San Joaquin County, California: The Board of Supervisors approved a proposal to replace current vote-by-mail drop boxes across the county with new drop boxes equipped with security measures to prevent election fraud. With the supervisors’ vote, nearly $200,000 will be sent to the San Joaquin County Registrar of Voters to replace the county’s 25 vote-by-mail boxes with “Vote Armor” ballot boxes from Laserfab, Inc. Despite the current system being compliant with secretary of state requirements and having precautions to ensure the security of ballot boxes, Registrar Olivia Hale said that “change is definitely needed.” Those changes will include fortified locking mechanisms, security cameras and tamper seals on the boxes. As an added layer of protection, the boxes will be securely bolted to permanent locations throughout the county and sealed during non-election years.
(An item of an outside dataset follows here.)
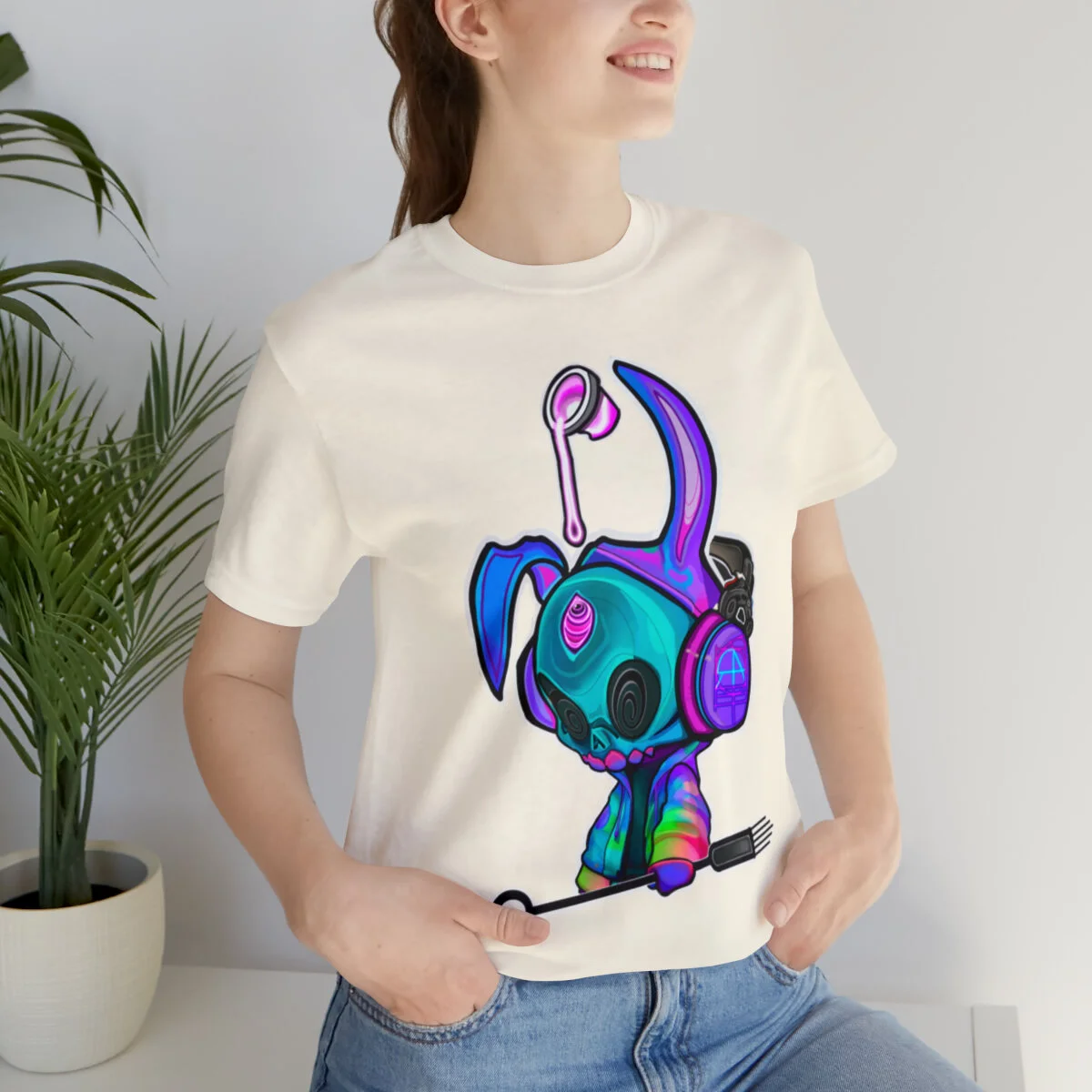 8391df8f249727f34863423452bbccbd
Missouri: Sen. Denny Hoskins (R-Warrensburg), plans to refile legislation creating the “Office of Election Crimes and Security” within the secretary of state’s office, a position he’s running for. Hoskins said the General Assembly should continue focusing on election integrity. He sponsored Senate Bill 350 last session, a five-page bill to review election complaints and conduct investigations into alleged violations of election law. It died in committee. “This will create, basically, an election audit task force to look before the election, on election day after after the election for any abnormalities or irregularities in Missouri elections,” Hoskins said in an interview last month with The Center Square. “I’ve been talking to my constituents and it’s very popular.”
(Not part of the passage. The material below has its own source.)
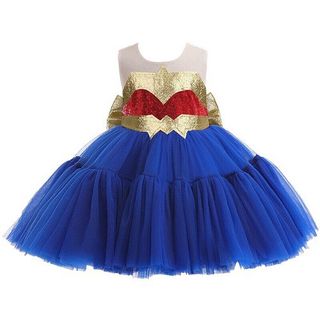 (Category: ) located in . Submitted by _awesomefinds (Listing ID 1463324403, Image 1). Description: .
North Carolina: The North Carolina House passed major changes to the rules for elections — and how election results could be audited. Both could go into effect for the 2024 elections if they become law.
House Bill 770, would make people’s ballots a public record. HB 770 would allow individuals or private groups to request to see all of the state’s ballots after an election, to conduct their own audit in addition to the audits the state government already does. It was originally filed by a group of far-right lawmakers, raising concerns that it was based on false claims of a stolen 2020 election pushed by former President Donald Trump. But GOP lawmakers worked with Democratic colleagues and state elections officials to make changes in recent days. It passed Tuesday with broad, but not unanimous, support.
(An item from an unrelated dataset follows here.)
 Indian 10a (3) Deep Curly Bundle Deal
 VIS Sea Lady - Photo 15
SB 749 would remove the governor’s ability to appoint members of the State Board of Elections — as well as all 100 county election boards — and instead transfers that power to the legislature. It also would end the process of the governor’s political party getting the edge over the other party with a 3-2 majority on each of the five-member boards, and would instead create evenly tied boards. In effect, it would end the Democratic Party’s control over election rulemaking ahead of the 2024 elections. There are two main concerns critics of SB 749 have with the bill’s potential consequences, both stemming from the fact that it would create a politically even board. If county and state boards found themselves deadlocked by ties, it could mean no early voting sites could be approved, for example, and the county in question would only be allowed a single site at the county elections office. The other concern among opponents is that politically motivated election board members could simply refuse to certify the election victory of a candidate their party opposes. The measure failed in the Senate on Sept. 20, however, the bill isn’t dead. Senate Bill 749 passed the Senate earlier this year and passed the House on Tuesday. But each chamber passed slightly different versions, and on Wednesday the Senate declined to agree with the House version. So now the two chambers must appoint a smaller team of lawmakers to get together and try working out a compromise.
Oklahoma: Members of the House Elections and Ethics Committee weighed potential policies governing ranked-choice voting, including a municipal-level ban, during an interim study at the state Capitol. Interim studies don’t generate official reports or recommendations but are often used to guide future legislation. Four of the five speakers at the study were critical of ranked-choice voting, raising concerns that it’s overly complex or mostly supported by left-leaning organizations. State Election Board Secretary Paul Ziriax said the state’s voting machines aren’t capable of reading ranked-choice ballots and would need to be replaced if the voting system is adopted. He said it would probably take at least a year to send requests for proposals and purchase capable machines, likely at a cost exceeding $10 million. Additional money would be needed to educate voters and election officials of the changes. “I’ll be honest, I’m confused by ranked-choice voting,” Ziriax told lawmakers. “As you can imagine, if I’m confused, how does the general public respond to it? I would not want to be the one to have to go out and explain it to voters.”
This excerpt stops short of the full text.